E’ questa la conclusione della vicenda giudiziaria che ha contrapposto il noto brand Ralph Lauren ad una catena di distributori italiani con radicamento principale nella regione del Lazio, i quali avrebbero acquistato e rivenduto entro lo spazio economico europeo (SEE) – all’ insaputa del titolare del marchio – dei capi d’abbigliamento in stock negli Stati Uniti, avvalendosi dell’intermediazione di una consolidata struttura commerciale che vedeva la compartecipazione di società americane compiacenti.

L’importazione parallela del caso in esame riguarda l’importazione di un prodotto, senza l’espressa autorizzazione (o implicita) del proprietario della proprietà intellettuale e rappresenta un caso di importazione illecita, riconducibile al divieto di cui all’art. 20 del CPI che sancisce “il titolare del marchio può in particolare vietare ai terzi di apporre il segno sui prodotti o sulle loro confezioni o sugli imballaggi; di offrire i prodotti, di immetterli in commercio o di detenerli a tali fini, oppure di offrire o fornire i servizi contraddistinti dal segno; di importare o esportare prodotti contraddistinti dal segno stesso”.

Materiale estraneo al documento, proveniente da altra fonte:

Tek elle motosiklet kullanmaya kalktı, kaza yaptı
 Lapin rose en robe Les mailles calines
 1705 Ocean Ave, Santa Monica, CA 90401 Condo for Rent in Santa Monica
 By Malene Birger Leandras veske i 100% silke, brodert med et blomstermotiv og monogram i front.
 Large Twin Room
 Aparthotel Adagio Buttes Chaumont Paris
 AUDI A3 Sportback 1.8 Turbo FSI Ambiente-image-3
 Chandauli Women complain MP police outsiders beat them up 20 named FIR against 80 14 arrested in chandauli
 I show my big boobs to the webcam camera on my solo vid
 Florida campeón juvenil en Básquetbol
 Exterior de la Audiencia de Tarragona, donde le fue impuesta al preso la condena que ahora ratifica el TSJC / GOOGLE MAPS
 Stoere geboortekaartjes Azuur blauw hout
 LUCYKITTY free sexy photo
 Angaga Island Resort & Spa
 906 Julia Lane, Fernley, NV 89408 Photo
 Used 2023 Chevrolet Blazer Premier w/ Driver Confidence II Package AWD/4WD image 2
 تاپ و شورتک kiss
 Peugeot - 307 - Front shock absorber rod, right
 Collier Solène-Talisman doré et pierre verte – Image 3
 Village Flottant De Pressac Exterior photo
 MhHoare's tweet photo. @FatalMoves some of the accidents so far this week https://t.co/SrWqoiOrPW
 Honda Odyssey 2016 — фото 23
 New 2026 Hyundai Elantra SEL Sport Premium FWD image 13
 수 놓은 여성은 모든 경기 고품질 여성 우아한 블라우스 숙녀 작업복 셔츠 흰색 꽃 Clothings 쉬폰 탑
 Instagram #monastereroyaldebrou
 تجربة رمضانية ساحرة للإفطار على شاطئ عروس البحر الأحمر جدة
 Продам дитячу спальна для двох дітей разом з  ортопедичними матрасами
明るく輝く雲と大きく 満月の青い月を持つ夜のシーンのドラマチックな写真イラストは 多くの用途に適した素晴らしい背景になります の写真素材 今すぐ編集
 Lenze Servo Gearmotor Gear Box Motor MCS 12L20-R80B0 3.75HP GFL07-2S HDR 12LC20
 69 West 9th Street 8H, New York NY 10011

Le principali società convenute hanno eccepito in giudizio il legittimo uso del principio dell’esaurimento comunitario del marchio, espresso agli articoli 5 CPI e art. 17 del Regolamento 1001/2007, nello specifico valorizzando la possibilità di rivendere prodotti già immessi in commercio in uno Stato Membro dell’Ue dal titolare del marchio, sostenendo che la merce definita di importazione parallela, veniva acquistata esclusivamente nel territorio statunitense presso stores della Ralph Lauren per mezzo di interposte società di diritto americano regolarmente autorizzate a rivendere il marchio Ralph Lauren negli Stati Uniti e in rapporti diretti con le società del gruppo distributore in Italia.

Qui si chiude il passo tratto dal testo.